Creating Natural Sounding Dynamic Changes with Acoustic Instrument Samples

By Don Muro

Most students use the mixer’s track volume controls to make individual tracks louder and softer. For many acoustic instrument samples, however, lowering the track volume level does not make it sound as if the instruments are being played more softly. This article provides explanations and audio examples to better understand how to create natural sounding dynamic edits with acoustic instrument samples.

 

Digital technology makes it possible to produce radical changes in the sound of a performance. Once recorded, the sounds of acoustic instruments can be pitch-corrected, detuned, transposed, made brighter or darker in timbre, reverberated, and positioned anywhere in a stereo or surround mix. These sound alterations and enhancements can be added so subtly that the listener is unaware of their use. For many acoustic instruments, however, one of the hardest parameters to alter convincingly is the dynamic level of the performance. (For example, there is no way to make a recording of a trumpet part played fortissimo sound as if the part were played pianissimo.) It is possible to edit the dynamic levels of sampled acoustic instrumental sounds in many software synthesizers, but students are usually unfamiliar with the proper technique. 

 

Mixer Track Volume 

Most students use the mixer’s track volume controls to make individual tracks louder and softer (see  Figure 1). For many acoustic instrument samples, however, lowering the track volume level does not make it sound as if the instruments are being played more softly; instead, it sounds as if the instruments are moved farther away from the microphone – a very different psychoacoustic effect.
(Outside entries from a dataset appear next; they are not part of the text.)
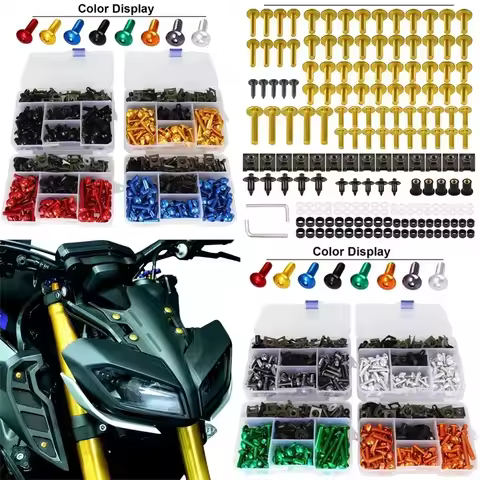For Vespa LX50 LX125 LX150 LX150 Ie LX Touring 50 125 150 150IE Motorcycle Fairing Bolts Screw Nut C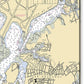 Inwood-new York Nautical Chart - Acrylic Print
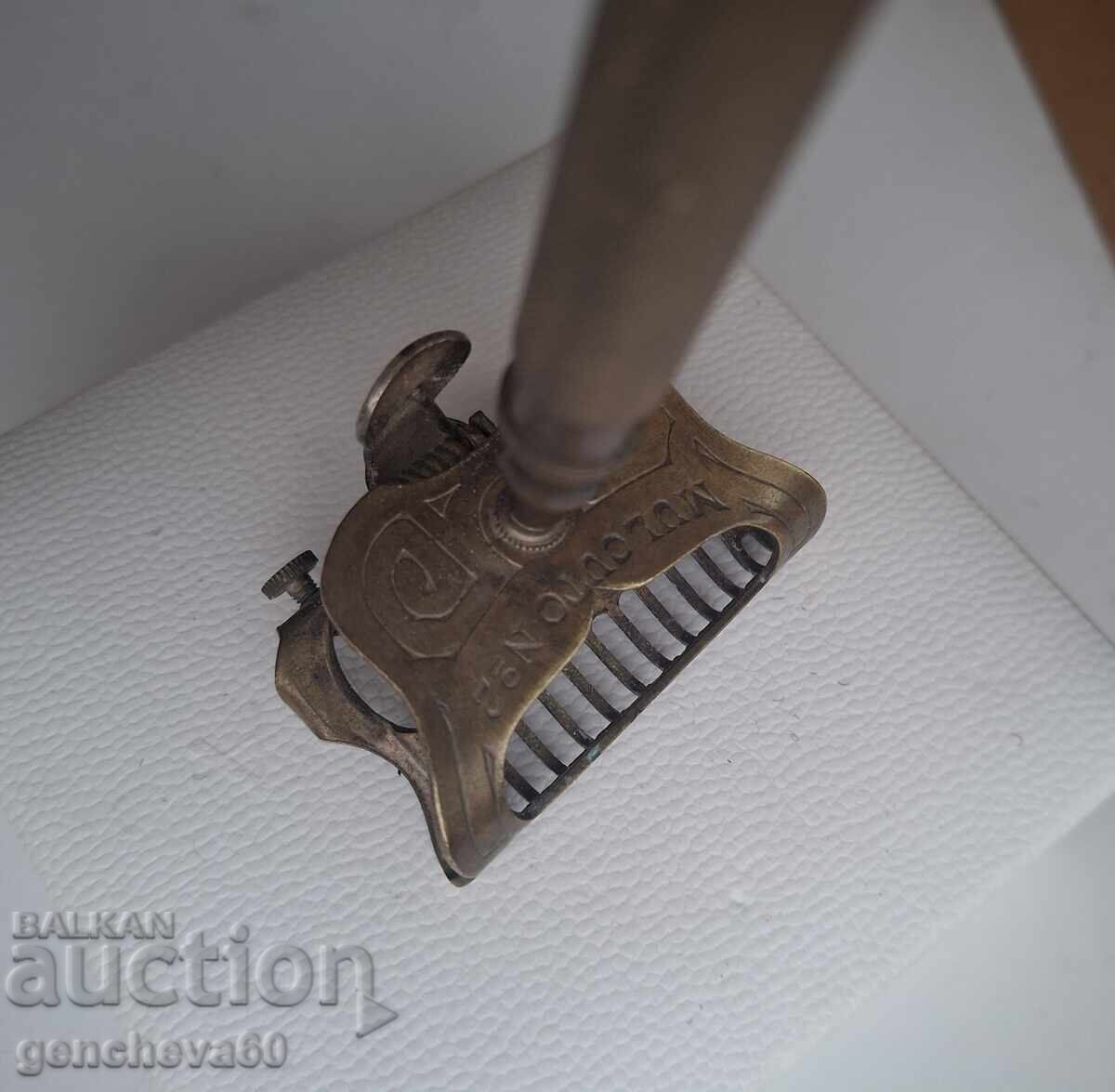 Rare! Antique German Razor MULCUTO - 2 - 6 Rare! Antique German Razor MULCUTO - 2 - 6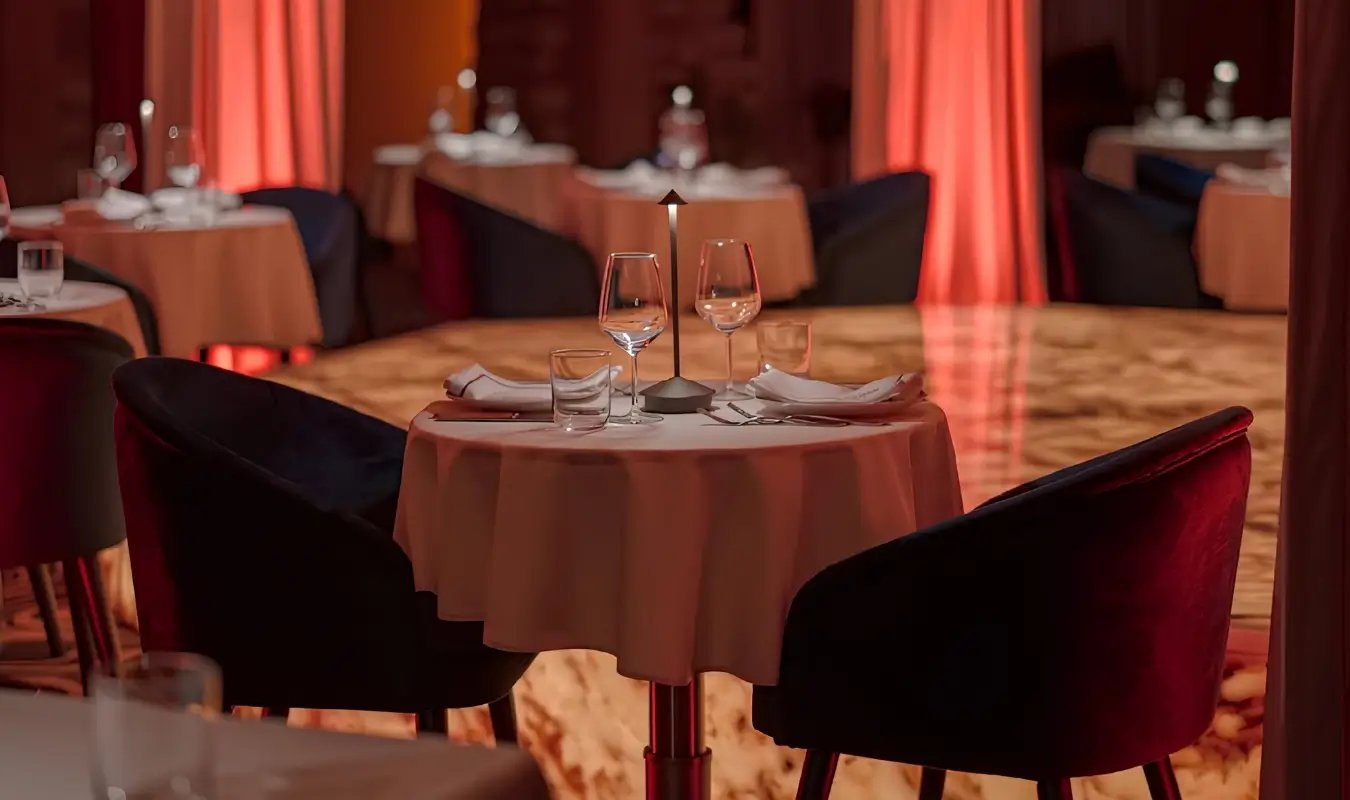 The Göbektaşı, Restaurant in Istanbul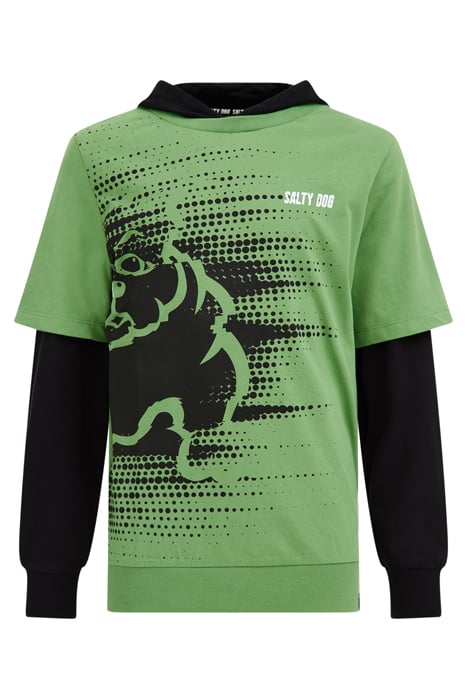 T-SHIRT OLIVE GREEN 2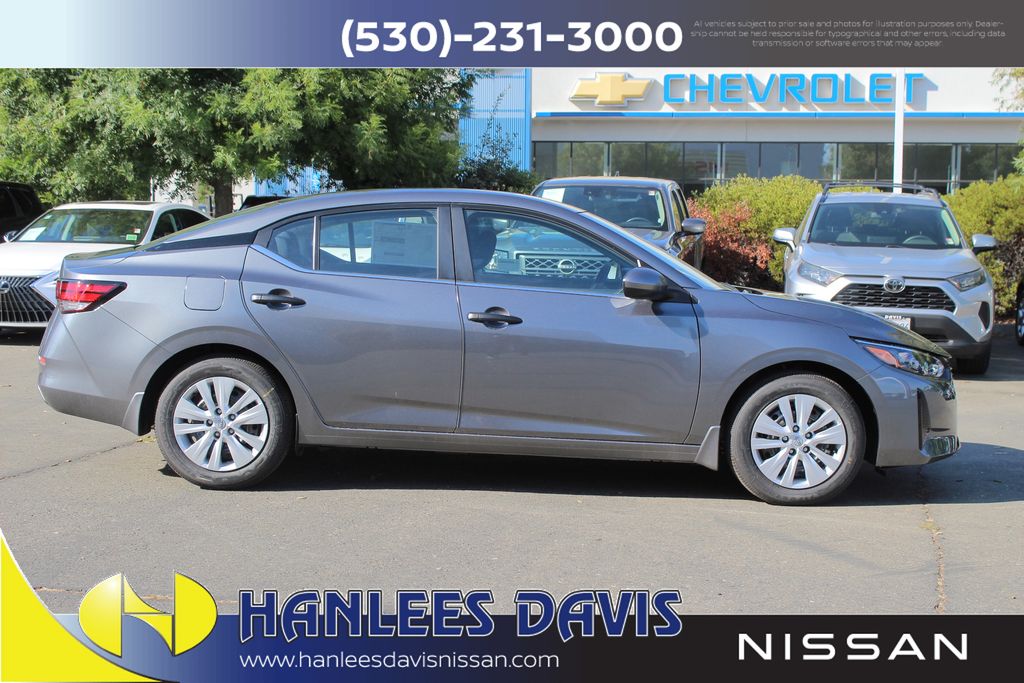 2025 Nissan Sentra S photo 4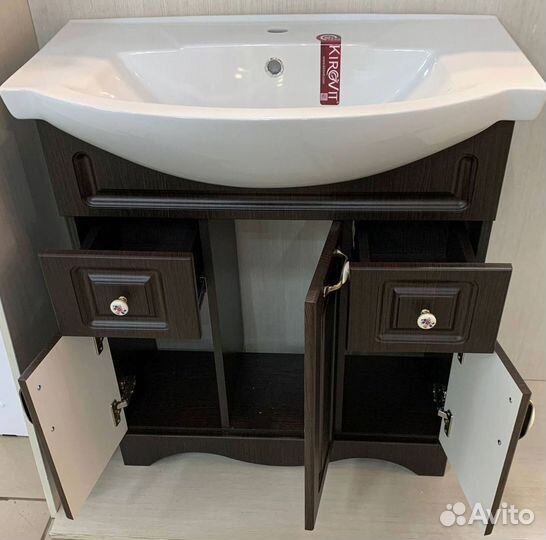 Тумба для ванной c раковиной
Figure 1 – a typical software mixer showing the volume level controls for six tracks, two aux returns, and a master fader. 

When acoustic instruments such as the piano, trumpet, and clarinet are played at different dynamic levels, the performers are affecting two properties of sound: loudness and timbre. It is impossible to play these instruments loudly without producing a brighter timbre.  Because of this, lowering or raising the track volume for acoustic instruments will not make it sound as if they are playing softly or loudly because the sound’s timbre is not affected.

Example 1: Lower Volume

Listen to Example 1. This example uses a distorted drum track to help create the illusion of loudness. Chords are played loudly in the upper register of a piano sample in measures 1 through 4. In measures 5 through 8 the same chords are played at a lower track volume in an attempt to create the illusion of a pianist playing more softly. We hear a change in volume but no corresponding change in timbre; instead of sounding softer, it sounds as if the microphone has been moved farther away from the piano.

Example 2: Playing Softer

Now listen to Example 2. Measures 1 through 4 are the same as in Example 1, but in measure 5 a different piano recording is heard. This new recording used the same piano sample (sound) but was played at a soft dynamic level. Our ears and brain immediately respond to the change in timbre and we recognize that the pianist is playing softly in measure 5.

It is very important for you to hear the difference between this sound and the sound of the piano in measure 5 of Example 1, so go back and listen to Example 1 again. The interesting part of this comparison is to note that in Example 2 the volume levels of the loud and soft pianos are almost identical.

Example 3: Piano Comparison

To further understand this concept, listen to Example 3. This example has only the loud and soft piano tracks. If possible, play this example through audio software with display meters so that you can compare the levels of the two pianos. (See Figure 2.)

Figure 2 – when displayed in an audio editing program, the loud piano part (left) and the soft piano part (right) are nearly identical in loudness.

Even though the two pianos are being heard at nearly the same loudness level, our ears and brains tell us that the only way to produce the piano sound heard in measure 5 is by playing softly; therefore, that piano part (in measure 5) is perceived as softer than the piano part heard in measures 1 through 4.

Timbre is the Key

This phenomenon explains how pop singers can whisper and roar at almost the same volume level on a recording and still be perceived as singing softer and louder. Even though the actual loudness level of the voice changes only slightly (by using limiters or compressors to reduce the original dynamic range of the vocal), our ears use changes in timbre as the predominant cue in perceiving a sense of loudness and softness. Again, if you want proof, watch the meters during the song playback.

Editing MIDI Tracks

This is why, when mixing, it is usually best to edit the dynamics of acoustic instrument samples via MIDI velocity levels (see Figure 3).

Figure 3 – this screenshot from Propellerheads Reason shows the note velocity levels displayed as vertical bars at the bottom of the screen. Velocity levels can be redrawn easily using the mouse.

Most software synthesizers use MIDI velocity to affect both volume and timbre simultaneously, so that the sound gets louder and brighter as you strike a key more quickly. In addition, some programs such as Propellerheads Reason and MOTU’s MachFive use velocity switching techniques to trigger additional acoustic samples recorded at louder dynamic levels, producing a more acoustic sounding emulation of dynamic changes.

Therefore, in most cases, MIDI velocity editing should be the first choice for adjusting the dynamics of a sound, and mixer track volume controls should be used for adjusting the balance of sounds in a mix.